4'-Hydroxyflavanone
- Names: IUPAC name 4′-Hydroxyflavan-4-one

Identifiers
- CAS Number: 6515-37-3;
- 3D model (JSmol): Interactive image;
- Beilstein Reference: 384424
- ChEBI: CHEBI:34361;
- ChEMBL: ChEMBL73933;
- ChemSpider: 145054;
- DrugBank: DB04429;
- EC Number: 676-790-1;
- KEGG: C14241;
- PubChem CID: 165506;
- UNII: 5K6L8O868Y;
- CompTox Dashboard (EPA): DTXSID5022487 ;

Properties
- Chemical formula: C_{15}H_{12}O_{3}
- Molar mass: 240.258 g·mol^{−1}
- Hazards: GHS labelling:
- Pictograms: GHS07: Exclamation mark
- Signal word: Warning
- Hazard statements: H315, H319, H335
- Precautionary statements: P261, P264, P264+P265, P271, P280, P302+P352, P304+P340, P305+P351+P338, P319, P321, P332+P317, P337+P317, P362+P364, P403+P233, P405, P501

= 4'-Hydroxyflavanone =

4'-Hydroxyflavanone is a naturally occurring monohydroxybenzoic acid and a member of the 4'-hydroxyflavanones family.

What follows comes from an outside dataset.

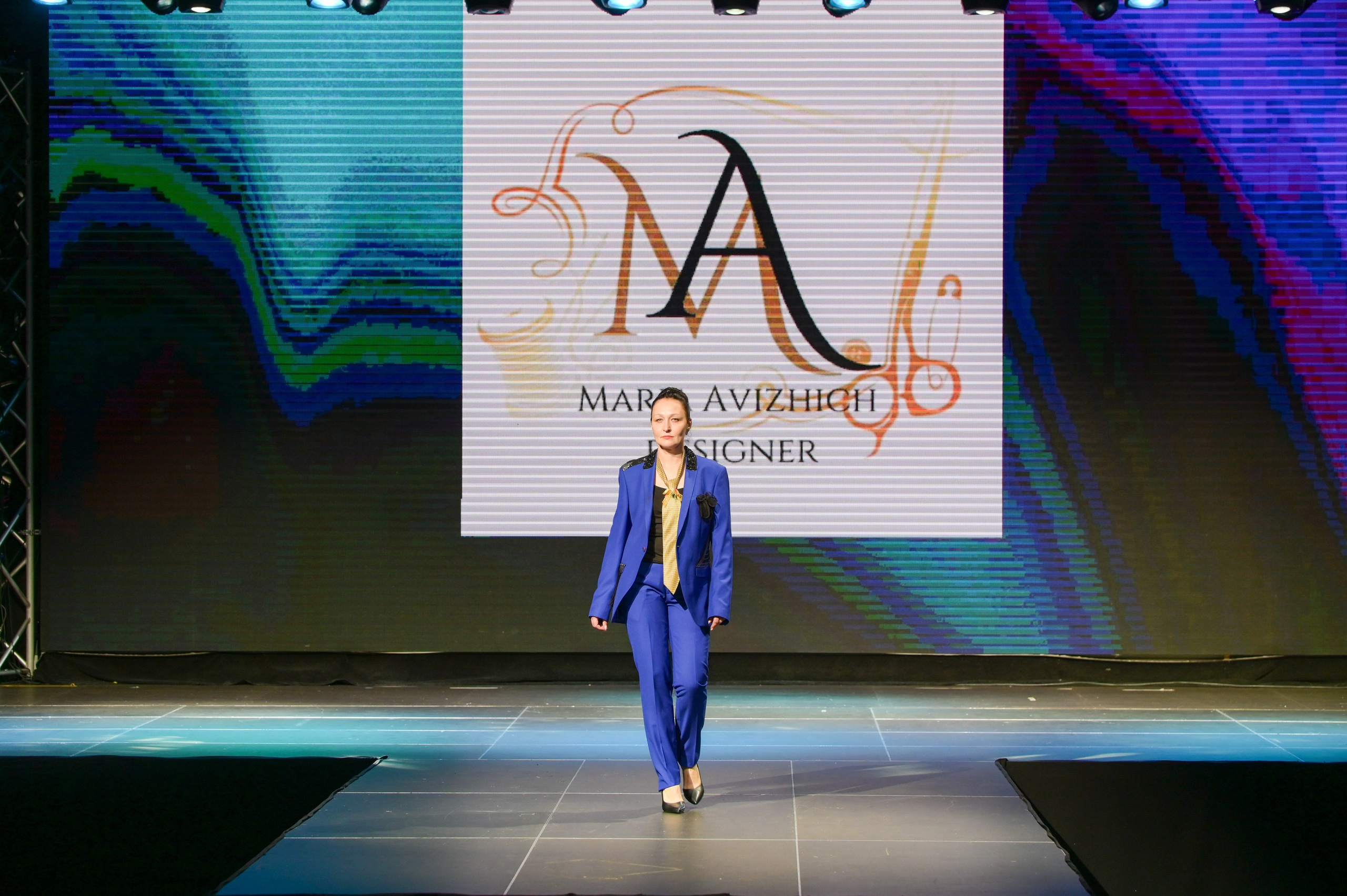 Fashion Show Photos. Фотоуслуги, услуги фотографа, фотографирование важных событий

It is white to pale orange in color and generally soluble in organic solvents such as chloroform and ethanol, but insoluble with water. 4'-Hydroxyflavanone is a naturally occurring product with cosmetic and potential clinical applications that is found in plants such as carnations (Dianthus caryophyllus).

== Natural occurrence ==
As part of the flavanone family, 4'-hydroxyflavanone can be found naturally in celery, red peppers, citrus fruits, parsley (Petroselinum crispum), berries, tea, and onions (Allium cepa L.).

== Applications ==

=== Cosmetic ===
Flavanone, with its orange-like color, has been used in natural dyes for cotton fabrics. Additionally, flavanone is used in various anti-wrinkle cosmetics and skin care products to treat psoriasis, melanogenesis, and photo-aging.

=== Clinical research ===
4'-Hydroxyflavanone is an inhibitor of SREBP, transcription factors that control the expression of a range of enzymes that regulate lipid homeostasis.

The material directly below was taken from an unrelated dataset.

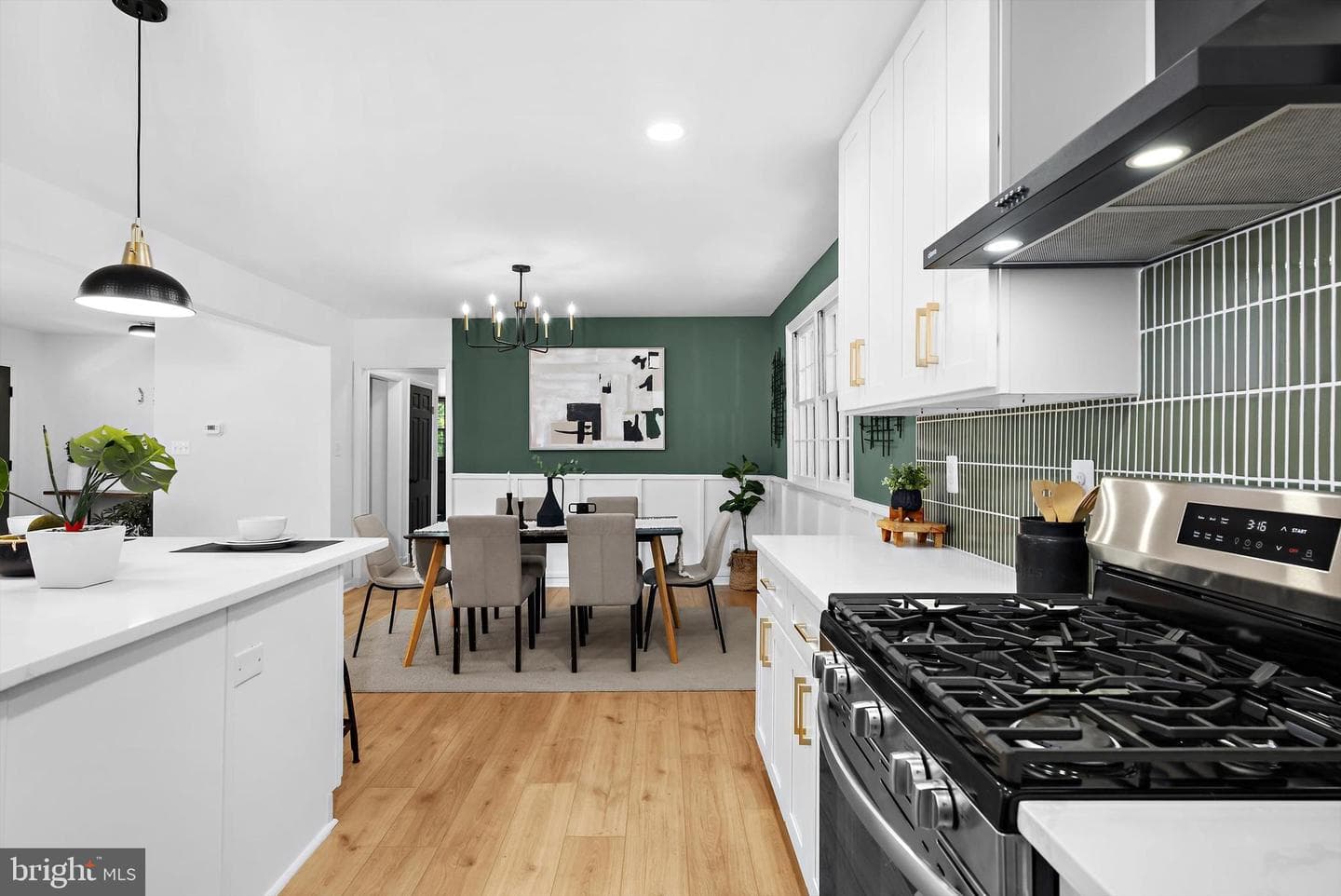1013 Roxleigh Road photo 11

Research also suggests that 4'-hydroxyflavanones have potential pharmaceutic applications against fatty liver disease, hepatic steatosis, and dyslipidemia.

Flavanones are widely considered to be beneficial to human health as a result of their ability to control free radicals in the body. Flavanones deriving from citrus fruits in particular exhibit antioxidant, anti-inflammatory, blood lipid-lowering and cholesterol-lowering agents.

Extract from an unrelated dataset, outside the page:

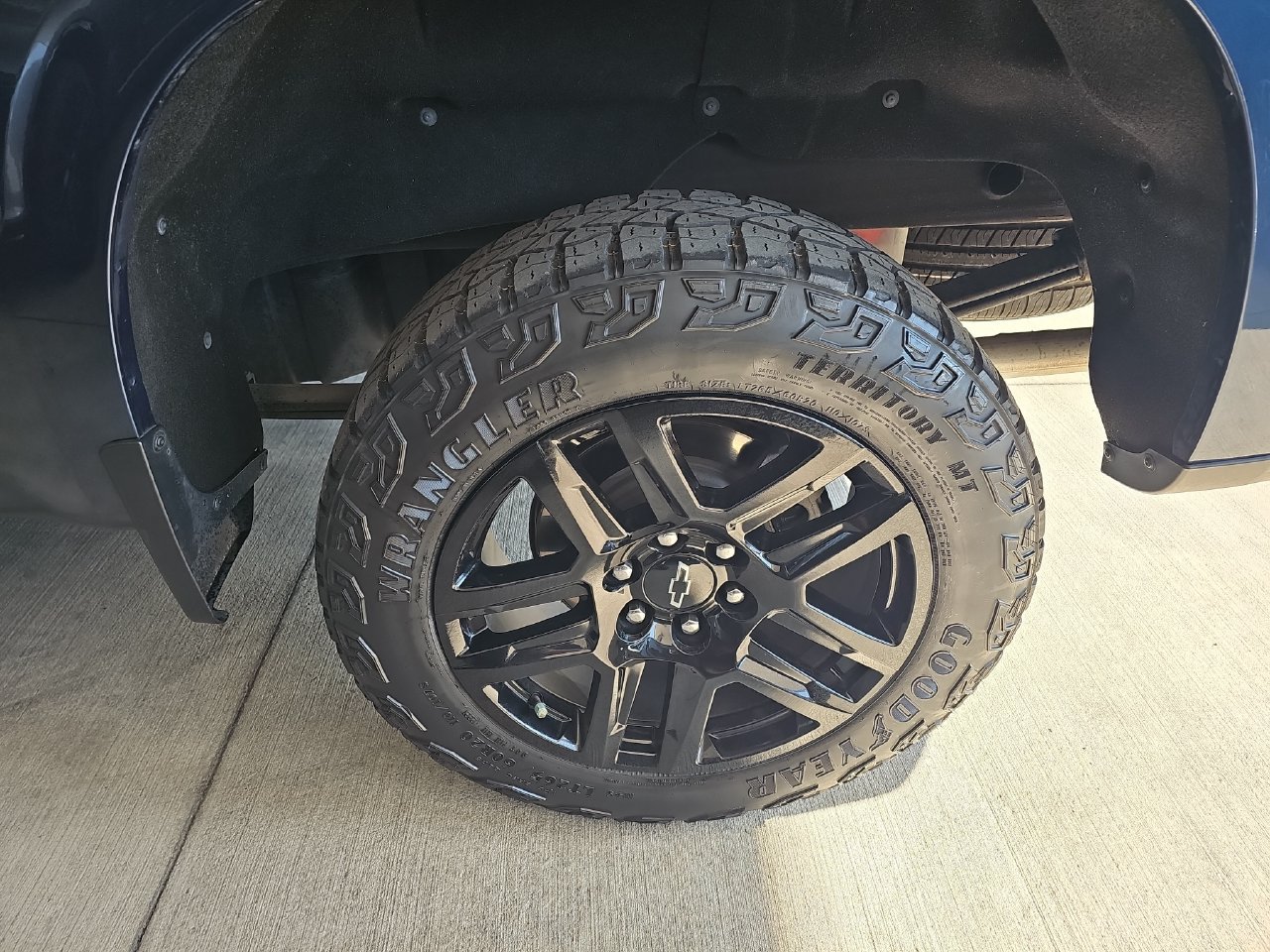 Used 2021 Chevrolet Silverado 1500 LT Trail Boss w/ Bed Protection Package AWD/4WD image 37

In general, flavonoids have been used extensively as anticancer, antimicrobial, antiviral, antiangiogenic, antimalarial, antioxidant, neuroprotective, antitumor, and anti-proliferative agents. Extracts that were rich in flavonoids have also been demonstrated to be ACE inhibitors in vitro, therefore acting as effective antihypertensive agents. They also have been shown to prevent cardio-metabolic disorders and preserve cognitive performance with aging.

== Toxicity ==
4'-Hydroxyflavanone is classified as an irritant due to its ability to cause skin corrosion, eye damage, and respiratory tract irritation if unprotected exposure occurs.